SOURCE MATERIAL:

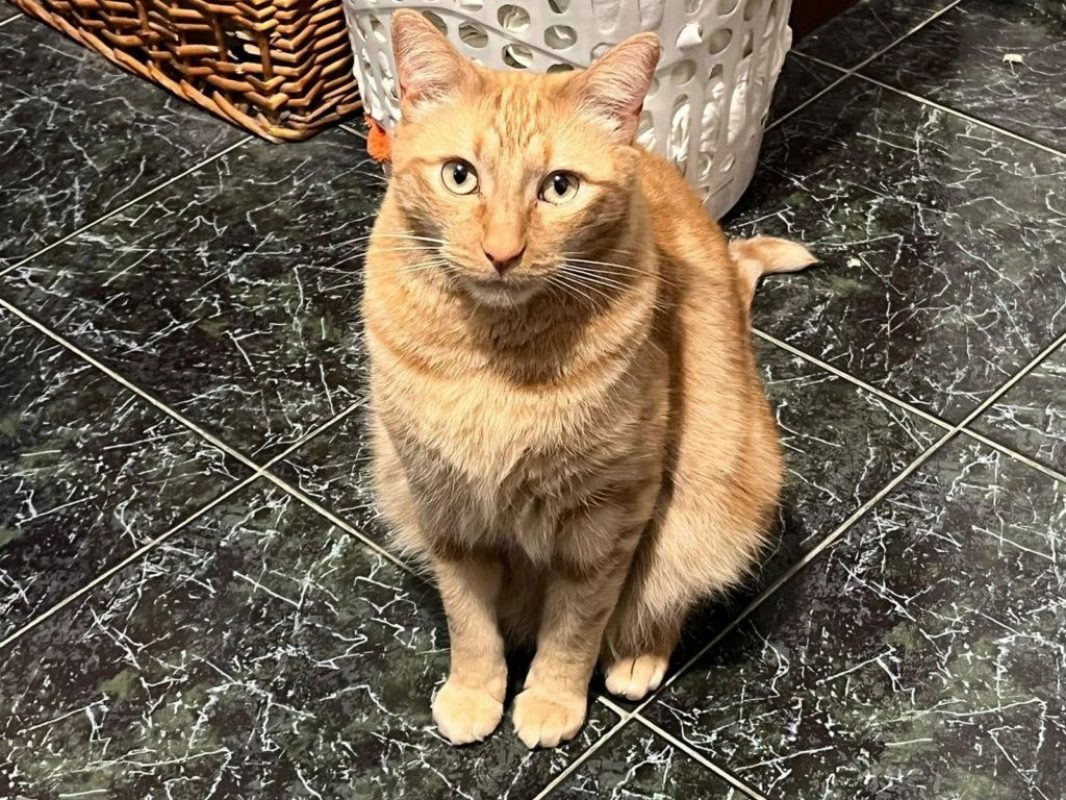 PIRATA - Chat à adopter - photo 2
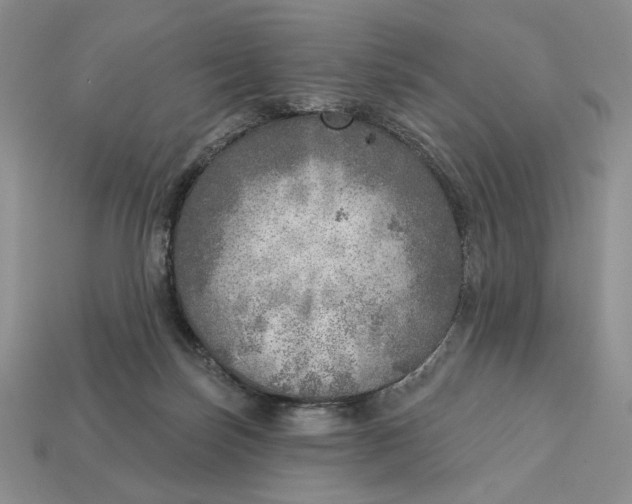 X0000112760171200909101537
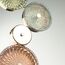 Odeon Light 5412/26WL; 0045927 Бра, изображение 5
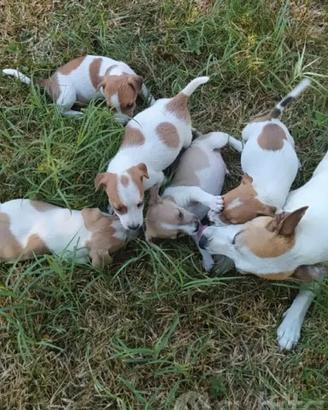 Piccoli cuccioli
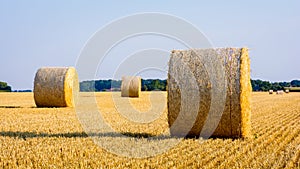 Round bales of straw scattered about in a field of wheat at sunset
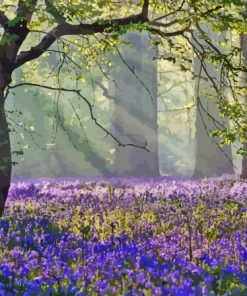 Bluebell Meadow Paint By Numbers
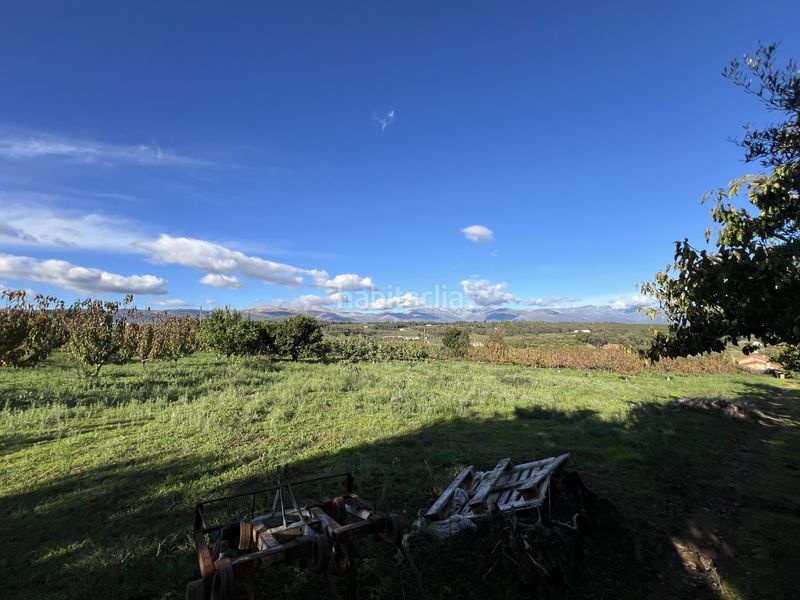 Foto 046d340a-807a-4bb3-9a1d-4086ee421751. Finca rústica a avenida de la constitución 108 a Jaraíz de la Vera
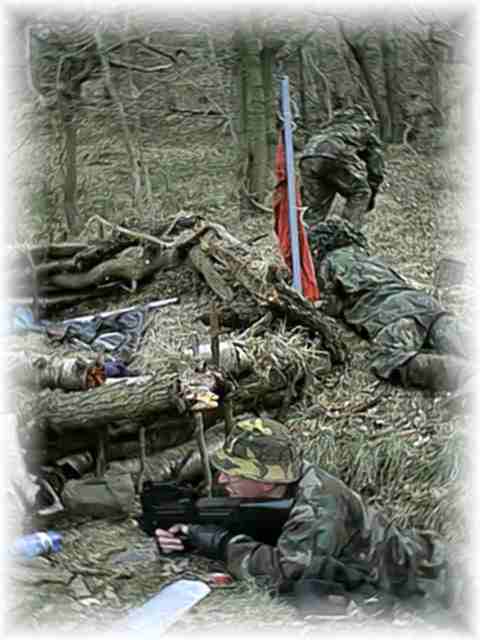 Last Stand?
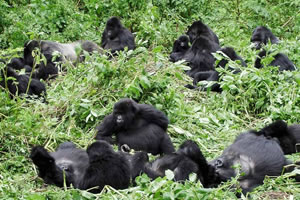 kigali gorilla tour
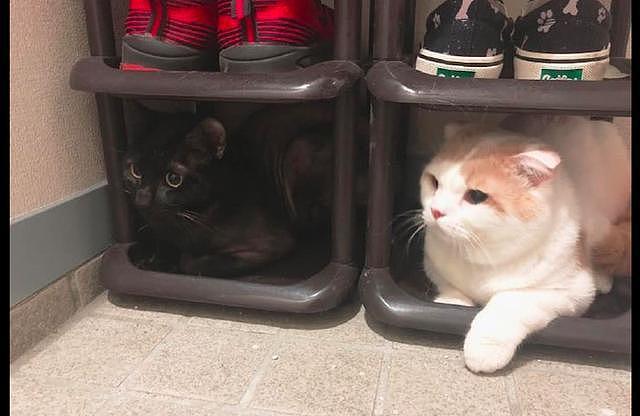网友刚买的鞋架，就被两只猫霸占了，不仔细看还真没注意到黑猫！ - 1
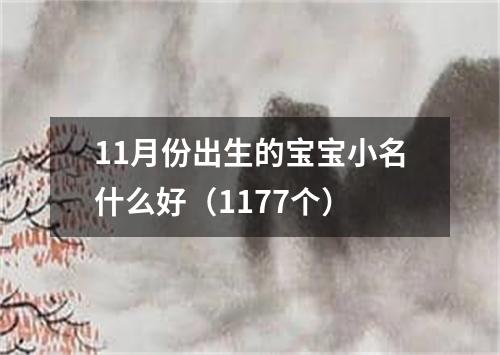 11月份出生的宝宝小名什么好（1177个）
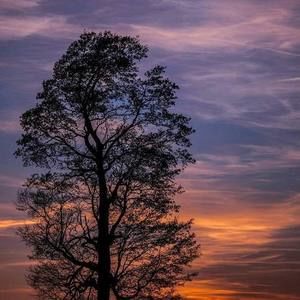 Meet your Posher, Clara etta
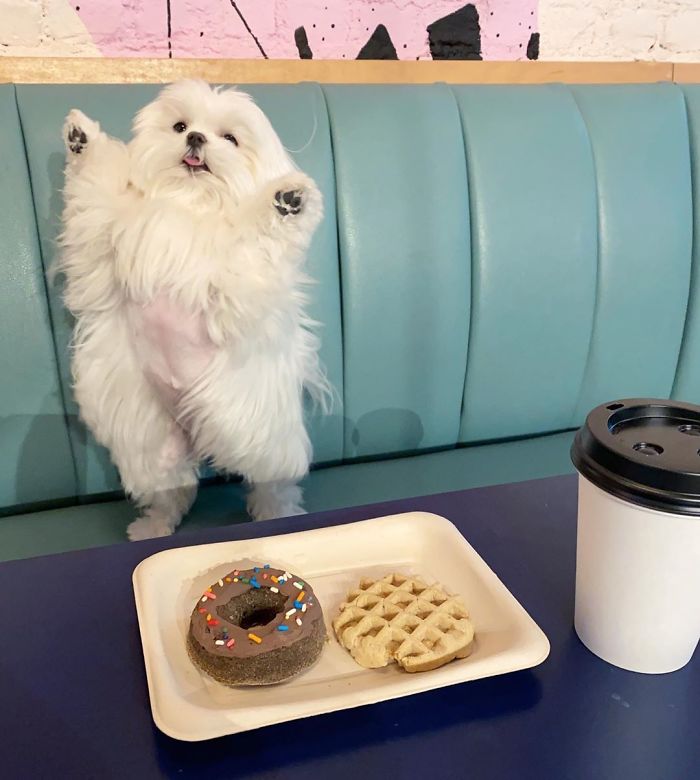 Standing-Maltese-Dog-Coco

REQUIRED WORK:
Print the data again word for word, pictures excluded.

PROBLEM SOLUTION:
 PIRATA - Chat à adopter - photo 2
 X0000112760171200909101537
 Odeon Light 5412/26WL; 0045927 Бра, изображение 5
 Piccoli cuccioli
 Round bales of straw scattered about in a field of wheat at sunset
 Bluebell Meadow Paint By Numbers
 Foto 046d340a-807a-4bb3-9a1d-4086ee421751. Finca rústica a avenida de la constitución 108 a Jaraíz de la Vera
 Last Stand?
 kigali gorilla tour
网友刚买的鞋架，就被两只猫霸占了，不仔细看还真没注意到黑猫！ - 1
 11月份出生的宝宝小名什么好（1177个）
 Meet your Posher, Clara etta
 Standing-Maltese-Dog-Coco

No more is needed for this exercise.